- Genre: Factual/crime show
- Created by: Fiona Baker Endemol Southern Star
- Starring: Lisa McCune
- Country of origin: Australia
- Original language: English
- No. of seasons: 3
- No. of episodes: 33

Production
- Running time: Approx. 60 minutes (including commercials)
- Production company: Southern Star Group

Original release
- Network: Seven Network
- Release: September 2004 – 25 October 2006

= Forensic Investigators =

2004-06 Australian television series

A Seven Network advertisement for the show

Forensic Investigators: Australia's True Crimes is an Australian television show hosted by Lisa McCune which aired on the Seven Network. It aired for three seasons from 2004 to 2006.

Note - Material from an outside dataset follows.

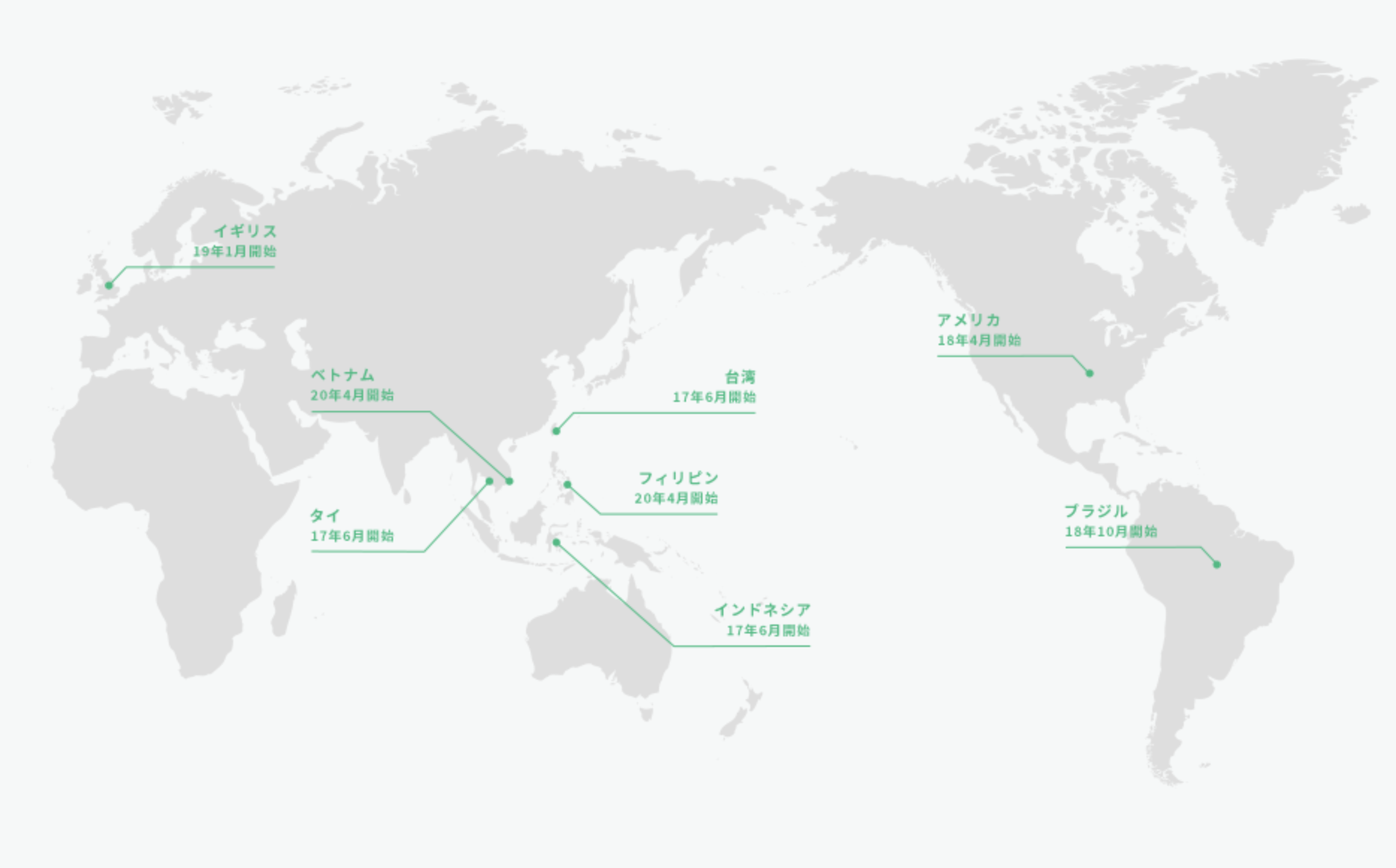 展開している拠点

Focusing on actual Australian crimes, each episode unfolds the drama minute-by-minute showing viewers the tireless work of detectives, and the scientific procedures required to solve these mysteries.

The series includes exclusive footage that has never been seen outside the courtroom, including police videos, crime scene stills and ultra-realistic reenacted clips. The 1st and 2nd seasons have been released on DVD.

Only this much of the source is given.